* WHAT THE TASK ASKS
The data below should be repeated exactly and in full.

Caption-style text data
• • • • • • •
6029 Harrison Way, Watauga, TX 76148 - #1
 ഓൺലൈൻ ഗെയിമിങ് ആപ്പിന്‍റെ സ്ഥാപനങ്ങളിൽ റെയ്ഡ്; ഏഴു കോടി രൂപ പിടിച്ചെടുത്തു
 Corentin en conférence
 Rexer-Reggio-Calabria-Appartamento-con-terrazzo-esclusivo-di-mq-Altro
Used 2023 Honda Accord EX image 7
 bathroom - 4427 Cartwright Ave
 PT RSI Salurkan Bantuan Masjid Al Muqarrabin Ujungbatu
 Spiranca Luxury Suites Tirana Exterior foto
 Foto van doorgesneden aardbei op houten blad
• • • • • • •
* TASK SOLUTION
6029 Harrison Way, Watauga, TX 76148 - #1
 ഓൺലൈൻ ഗെയിമിങ് ആപ്പിന്‍റെ സ്ഥാപനങ്ങളിൽ റെയ്ഡ്; ഏഴു കോടി രൂപ പിടിച്ചെടുത്തു
 Corentin en conférence
 Rexer-Reggio-Calabria-Appartamento-con-terrazzo-esclusivo-di-mq-Altro
Used 2023 Honda Accord EX image 7
 bathroom - 4427 Cartwright Ave
 PT RSI Salurkan Bantuan Masjid Al Muqarrabin Ujungbatu
 Spiranca Luxury Suites Tirana Exterior foto
 Foto van doorgesneden aardbei op houten blad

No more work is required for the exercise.